The exact expression for the vertical force on $d\omega$ is $$dF = Sd\omega\left[\vec\nabla u(x)\cdot \hat r\right]=\frac{Sd\omega}{r}\left[\vec\nabla u(x)\cdot (\vec x - \vec x_0)\right].$$ Hopefully this makes sense, but let me know if it doesn't. I'll let $\vec y=\vec x-\vec x_0$ and use Einstein's index notation (repeated indices are summed over) to make things a bit less cumbersome. In this notation,

$$dF = \frac{Sd\omega}{r}\partial_i u(y)y^i.$$

Now expanding $u(y)$ about $y=0$ to second order, $$u(y) = u(0)+\partial_iu(0)y^i+\frac{1}{2}\partial_i\partial_ju(0)y^iy^j \tag1\label1$$ $$\partial_ku(y)=\partial_ku(0)+\partial_k\partial_iu(0)y^i \tag2\label2$$ where in $\eqref2$ we used the equality of mixed partials ($\partial_i\partial_ju=\partial_j\partial_iu).$ $$\partial_i u(y)y^i=\partial_iu(0)y^i+\partial_i\partial_ju(0)y^iy^j$$ Substituting $\partial_i u(0) y^i$ from $\eqref1$, $$\partial_i u(y)y^i=u(y)-\frac12\partial_i\partial_ju(0)y^iy^j+\partial_i\partial_ju(0)y^iy^j=u(y)-u(0)+\frac12\partial_i\partial_ju(0)y^iy^j$$ $$dF=\frac{Sd\omega}{r}\left[u(y)-u(0)+\frac12\partial_i\partial_ju(0)y^iy^j\right].$$ The first two terms are exactly what you used in your integral, and the third term is what was missing. We can now take the Laplacian of the integrand to apply the same Laplacian theorem.

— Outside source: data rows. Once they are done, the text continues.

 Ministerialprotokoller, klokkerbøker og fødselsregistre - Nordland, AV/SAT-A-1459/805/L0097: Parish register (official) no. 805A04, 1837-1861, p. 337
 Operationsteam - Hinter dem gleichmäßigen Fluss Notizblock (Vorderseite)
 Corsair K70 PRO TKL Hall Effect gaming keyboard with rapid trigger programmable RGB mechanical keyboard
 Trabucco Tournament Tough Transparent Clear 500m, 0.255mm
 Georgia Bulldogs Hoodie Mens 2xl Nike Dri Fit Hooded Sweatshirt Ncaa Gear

We have $$\nabla^2\left[u(y)-u(0)+\frac12\partial_i\partial_ju(0)y^iy^j\right]=\nabla^2u(y) + \frac12\partial_i\partial_ju(0)\partial_k\partial_k(y^iy^j)$$ $$=\nabla^2u(y) + \partial_k\partial_ju(0)\partial_ky^j$$ $$=\nabla^2u(y) + \partial_k\partial_ku(0)$$ $$=\nabla^2u(y)+\nabla^2u(0).$$ When evaluated at $y = 0$ (i.e. $x = x_0$), this gives $\color{red}{2}\nabla^2u(0)$, and that's the missing factor of 2. This was a bit roundabout but hopefully it shows what was missing in your derivation.